Two weeks ago, the California Supreme Court unanimously struck down a provision of Proposition 83—commonly known as Jessica’s Law—that had barred all registered sex offenders from living within 2000 feet of any school or park. The Court held the provision was unconstitutional to the extent that it applied automatically across the board to every registered parolee in San Diego County. The Court affirmed, however, the state’s right to impose residency restrictions—whether more or less stringent than Proposition 83—on individual parolees based on the particular circumstances of a case.
It’s not hard to understand why this makes sense when, depending on the map and makeup of a county, these people have nowhere to live. They may no longer be able to live with their families, in sober-living homes, or even in homeless shelters depending on the location. In San Diego, where the lawsuit was brought, Proposition 83 had effectively barred registered parolees from access to over 97 percent of the county’s available housing, and realistically, the remaining three percent was not entirely available either due to high rents, low vacancies, and the unwillingness of some landlords to rent to the parolees. Ultimately, the residency restrictions made everyone less safe by sabotaging parole: destroying people’s ability to live and work and making it more difficult to supervise them.
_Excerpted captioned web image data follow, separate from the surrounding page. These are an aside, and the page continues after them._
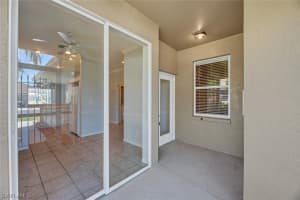 21441 Knighton Run, ESTERO, FL 33928 Sold 03/12/24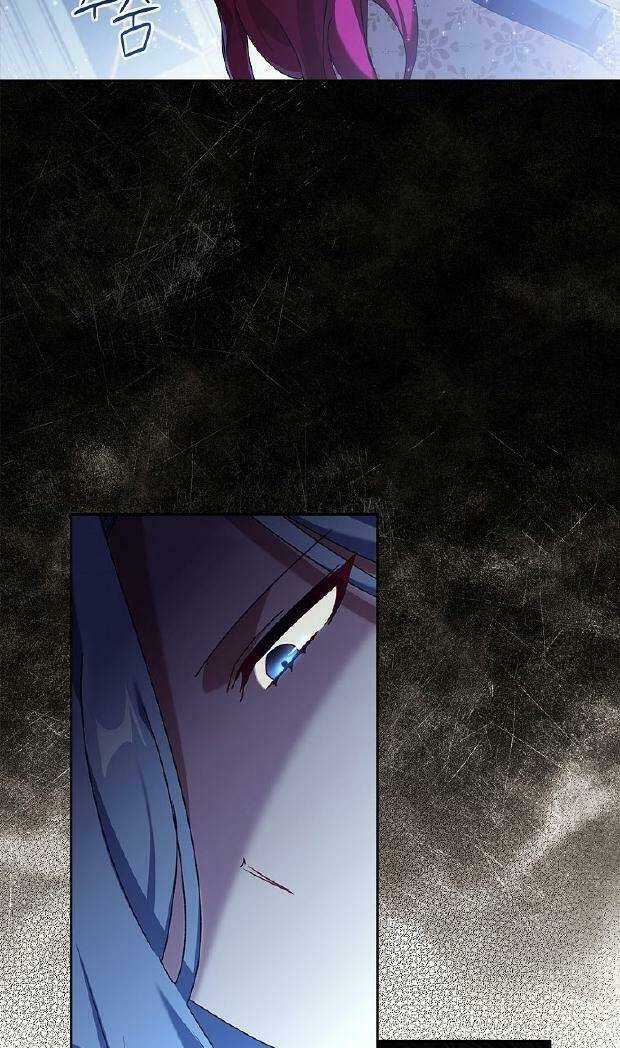 Công Chúa Gác Mái - Chapter 31 - Trang 32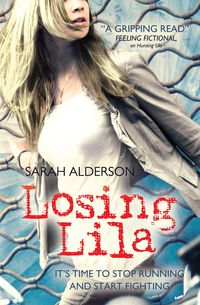 Produktbild: Losing Lila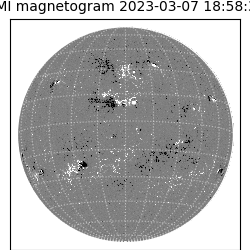 shmi - 2023-03-07T18:58:34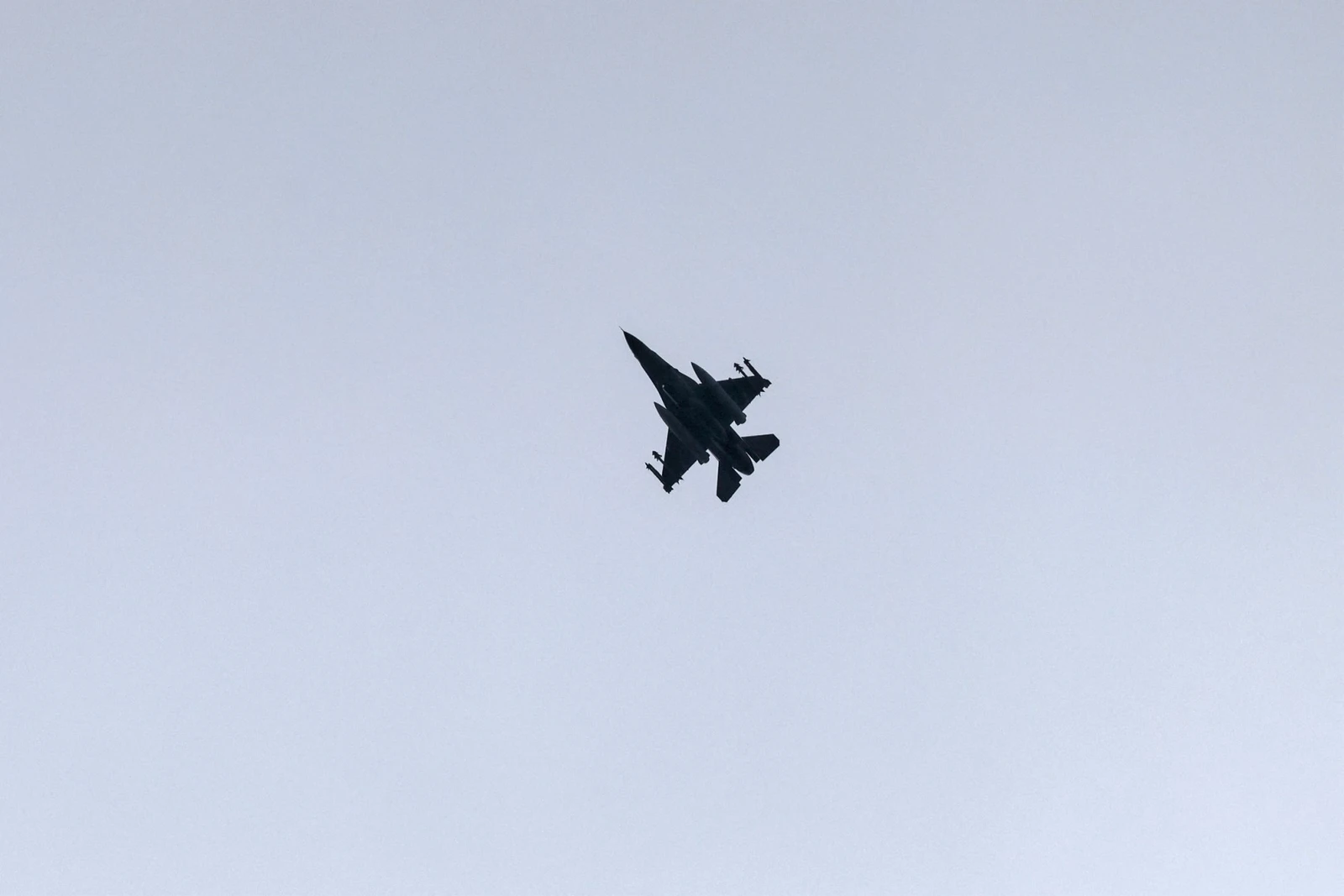 A guerra no Oriente Médio afasta o foco dos planos de segurança energética da ASEAN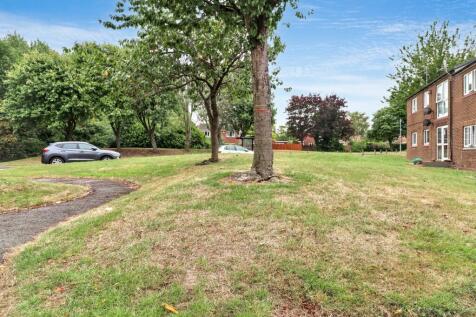 51 Mapleton Drive, Hemlington, Middlesbrough, Cleveland, TS8 9NF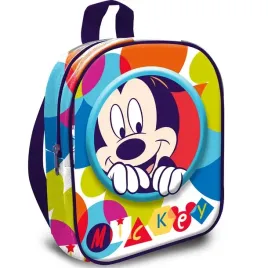 plecak-przedszkolny-myszka-mickey-miki-disney-3d-do-przedszkola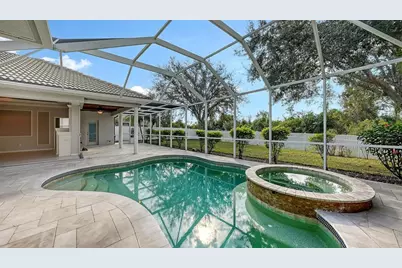 12202 Lobelia Terrace, Lakewood Ranch, FL 34202 - Photo 75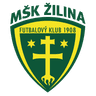 MŠK Žilina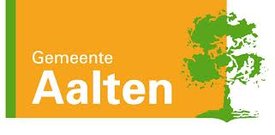 Legionellabesmetting sportzaal Bredevoort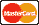 master card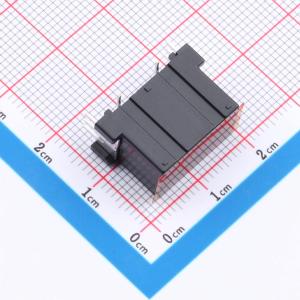 ZE05-8DP-2V商品缩略图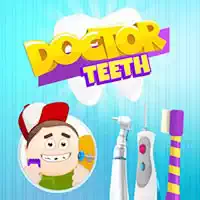 doctor_teeth เกม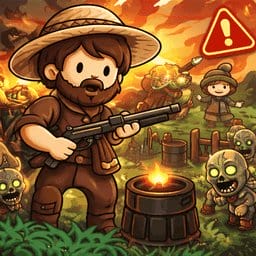 1296澳门威尼斯人2.0免费下载-1296澳门威尼斯人2官方正版下载 v2.1 安卓版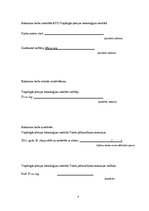 Diplomdarbs 'Kalcija fosfātu spektroskopiskie pētījumi', 3.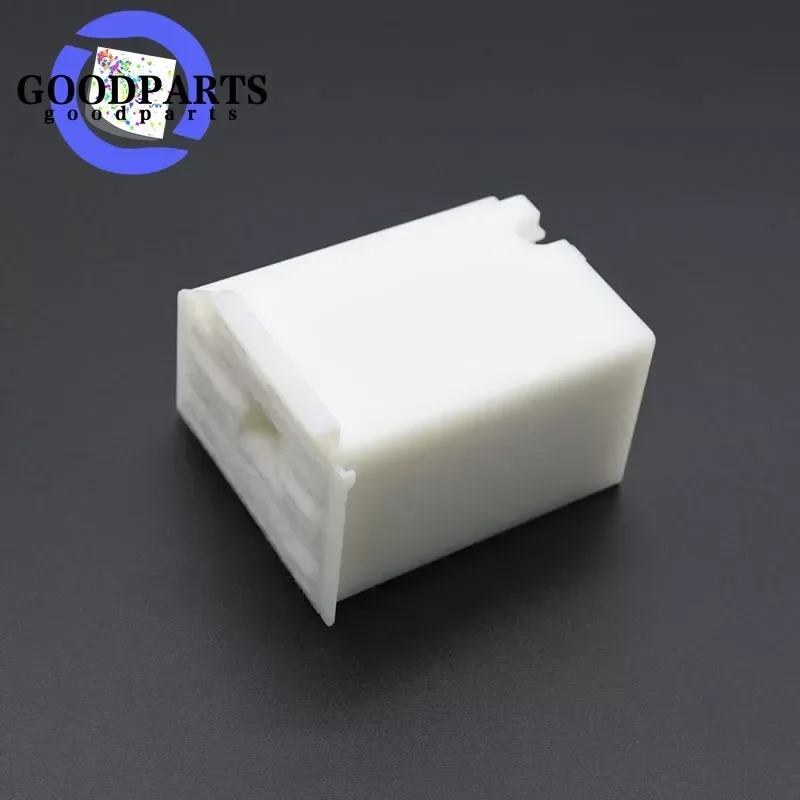 5X 1830528 1749772 Ящик для отработанных чернил резервуар EPSON L3100 L3101 L3110 L3115 L3116 L3150 L3151 L3156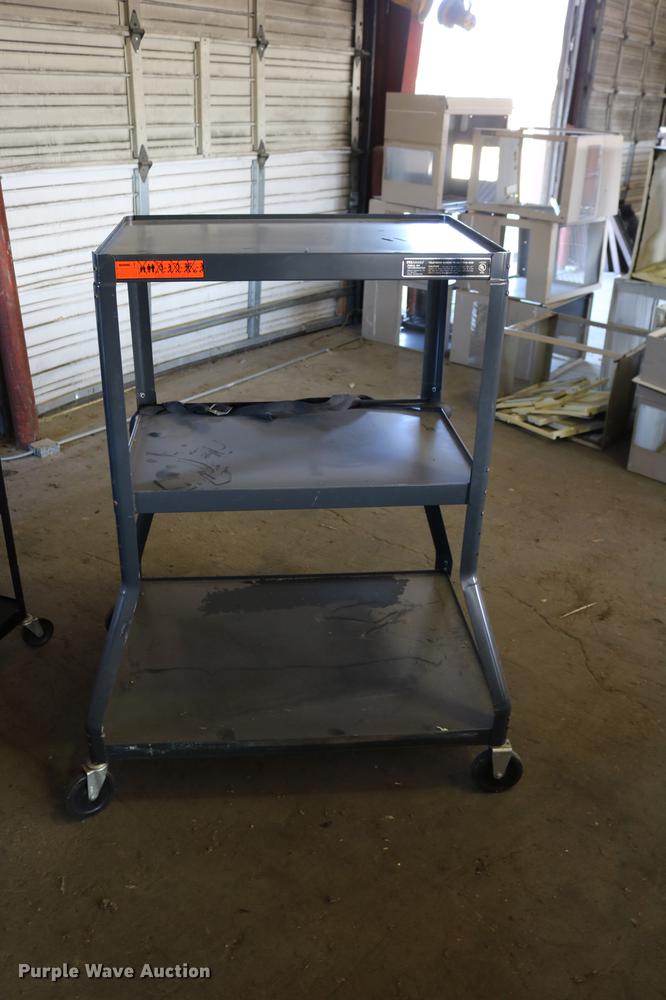 image for item EE9926 Office supplies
This was true of the four plaintiffs who brought the lawsuit, each of whom was rendered homeless by Proposition 83. Two of them had been sleeping in alleys behind the parole office at the suggestion of their parole agents (who were likely at a loss themselves about what to do). One of them had followed his parole agent’s suggestion to live in the riverbed of the San Diego River. The first was a man who was registered because of a 1991 conviction for sexual assault against an adult woman, and who had no other convictions for sex crimes and no convictions at all for crimes against children. The second was a man who was registered because of a 1989 conviction for misdemeanor sexual battery against an adult woman; he too had no other convictions for sex crimes and no convictions at all for crimes against children. The third was a woman who was registered for a 1988 conviction for committing a lewd and lascivious act on her daughter, who was under the age of 14 at the time, but had no other convictions for sex crimes or crimes against children. The fourth was a man who was registered because of a 1981 case when he was 15 years old, and a juvenile court found that he’d committed a lewd and lascivious act on his 10-year-old sister. He too had no other convictions for sex crimes or crimes against children.
After an eight-day evidentiary hearing on these issues, the trial court concluded that the residency restrictions were unconstitutional as a mandatory condition on all parolees, but they could be imposed as discretionary conditions on a case-by-case basis.
On review, the Court of Appeal and, now, the Supreme Court have agreed.